◆ Source information
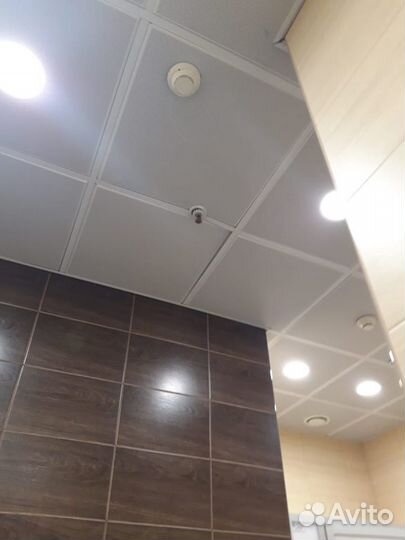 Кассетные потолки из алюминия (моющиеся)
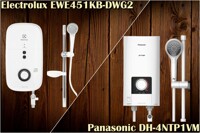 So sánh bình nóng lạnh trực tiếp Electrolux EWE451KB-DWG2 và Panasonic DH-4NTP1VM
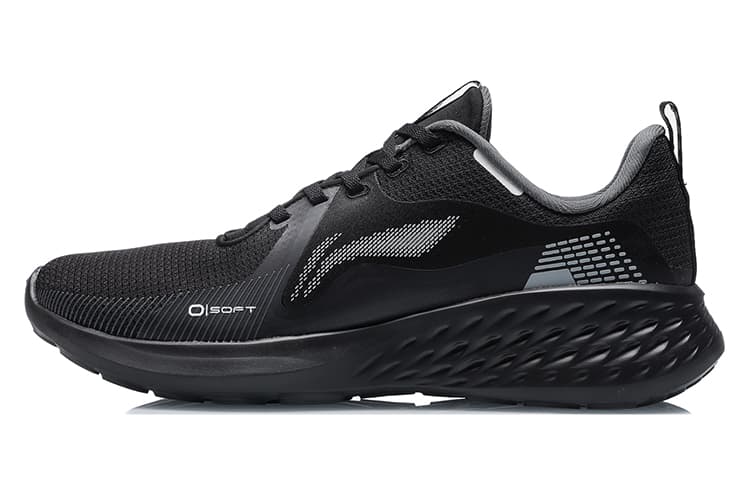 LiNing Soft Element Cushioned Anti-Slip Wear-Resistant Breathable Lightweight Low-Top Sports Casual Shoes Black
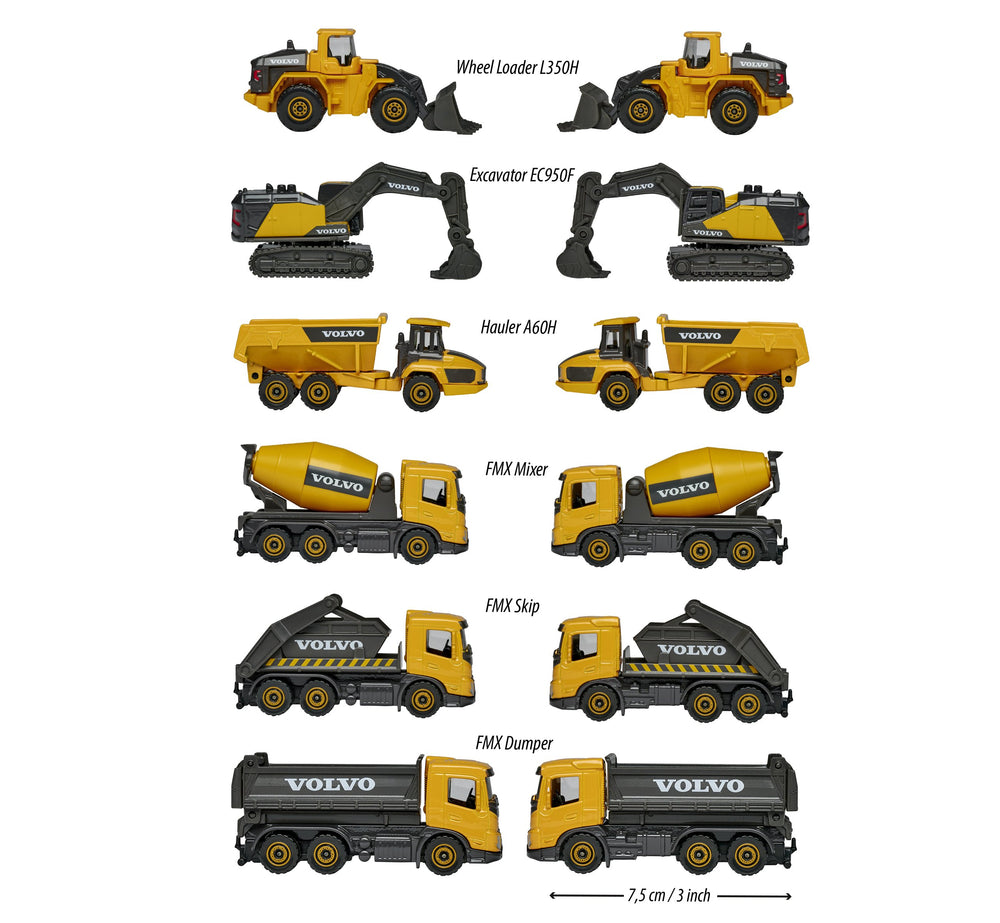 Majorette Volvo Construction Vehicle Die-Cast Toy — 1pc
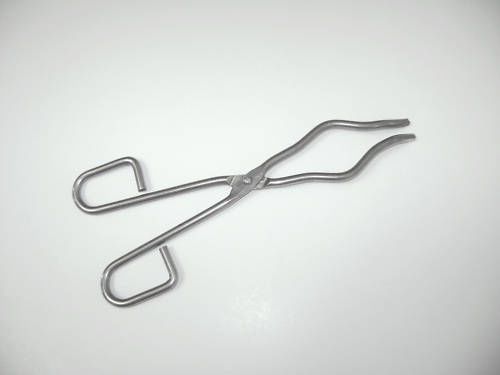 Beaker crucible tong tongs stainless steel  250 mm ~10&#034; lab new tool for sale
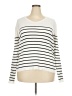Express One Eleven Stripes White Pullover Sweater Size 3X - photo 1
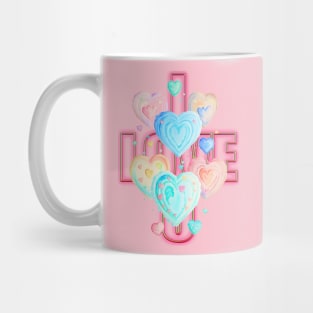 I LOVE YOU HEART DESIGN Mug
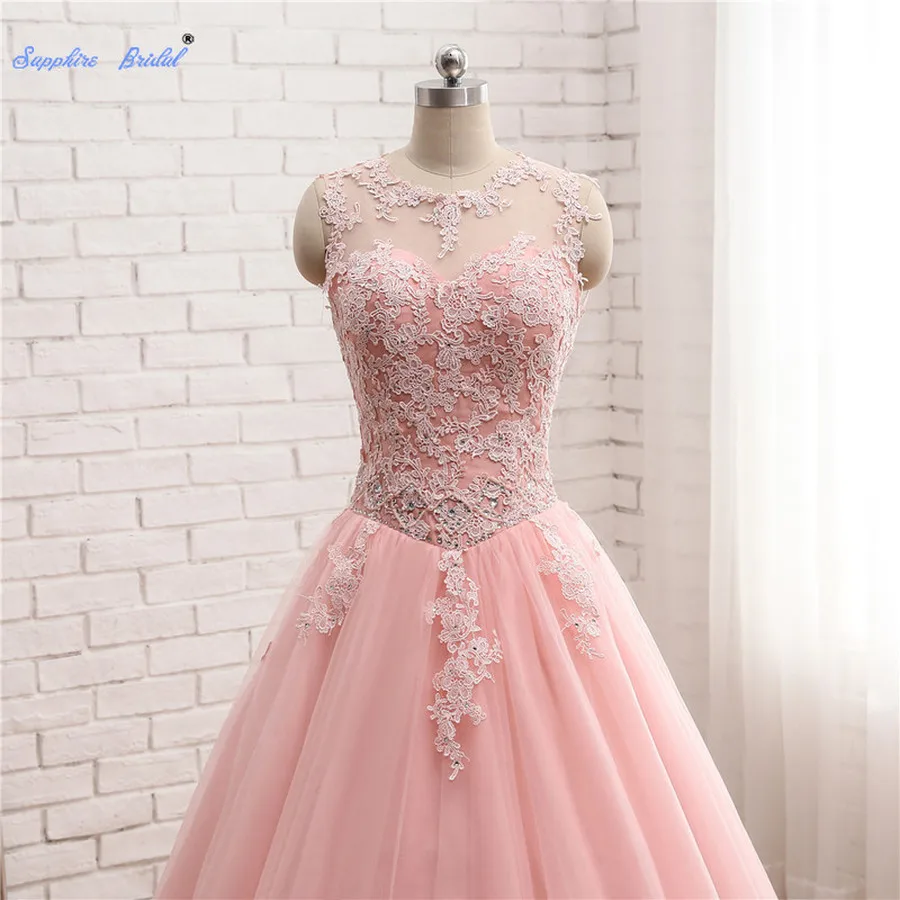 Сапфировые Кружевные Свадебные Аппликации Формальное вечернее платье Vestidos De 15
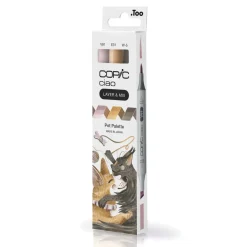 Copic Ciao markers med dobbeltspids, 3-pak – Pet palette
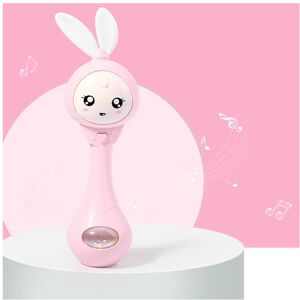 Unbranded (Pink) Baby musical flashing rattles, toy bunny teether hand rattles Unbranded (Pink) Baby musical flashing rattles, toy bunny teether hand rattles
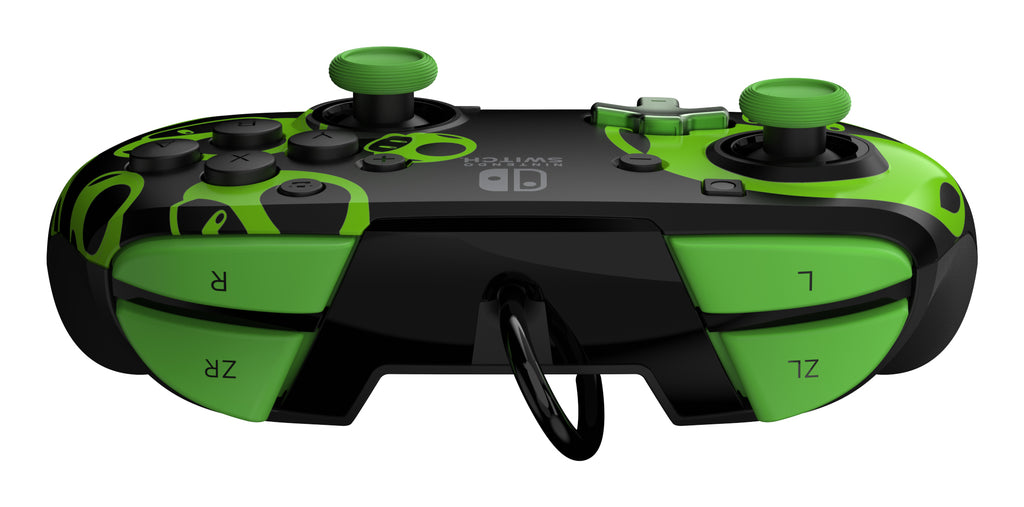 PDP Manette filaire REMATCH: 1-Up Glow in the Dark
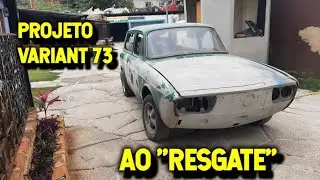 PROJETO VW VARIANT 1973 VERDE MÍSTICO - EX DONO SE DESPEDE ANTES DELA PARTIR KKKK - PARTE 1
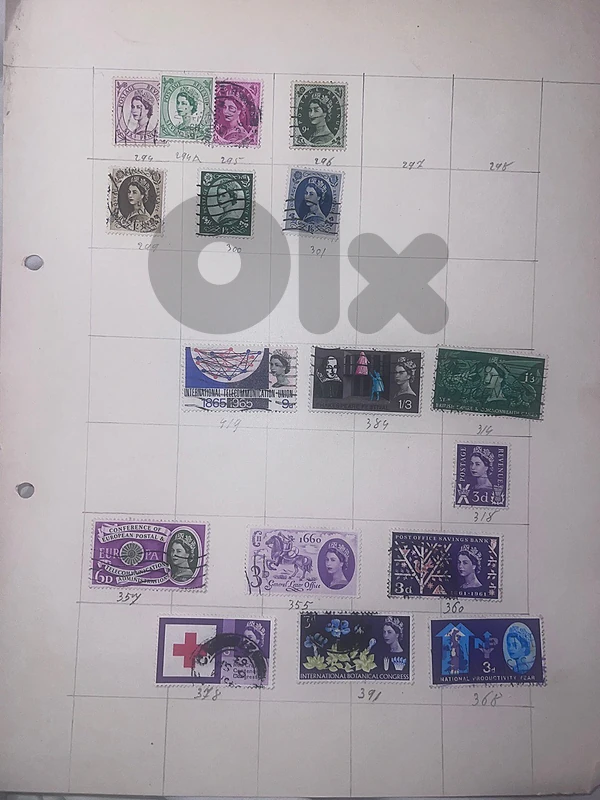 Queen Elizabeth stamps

---

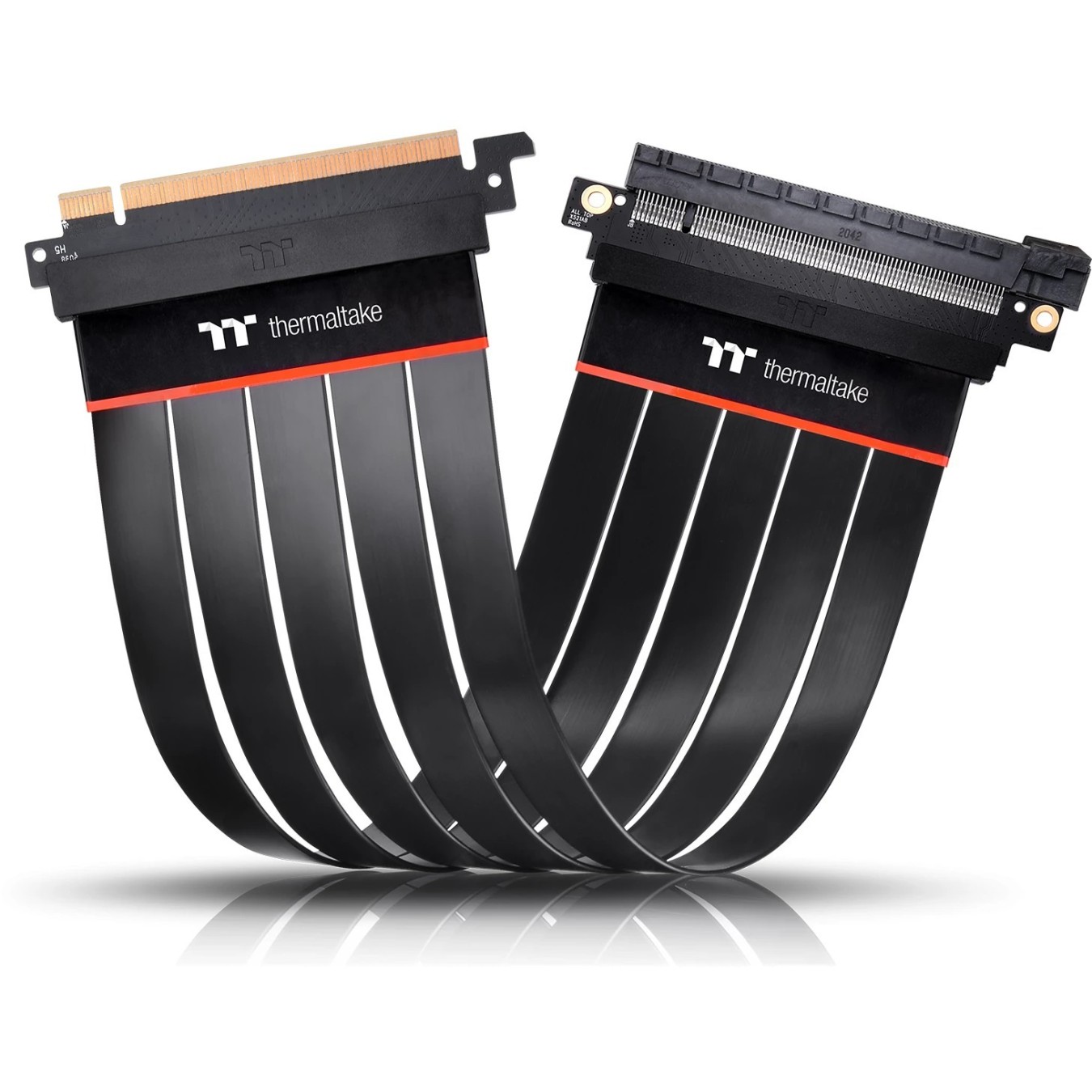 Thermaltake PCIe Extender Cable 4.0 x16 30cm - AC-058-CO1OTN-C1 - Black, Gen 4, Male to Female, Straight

◆ Task to complete
Only one stretch of the material above is wanted: the line containing "hand rattles Unbranded" through the line containing "Queen Elizabeth stamps". Restate it word for word, minus the pictures.

◆ Answer below
 Unbranded (Pink) Baby musical flashing rattles, toy bunny teether hand rattles Unbranded (Pink) Baby musical flashing rattles, toy bunny teether hand rattles
 PDP Manette filaire REMATCH: 1-Up Glow in the Dark
 PROJETO VW VARIANT 1973 VERDE MÍSTICO - EX DONO SE DESPEDE ANTES DELA PARTIR KKKK - PARTE 1
 Queen Elizabeth stamps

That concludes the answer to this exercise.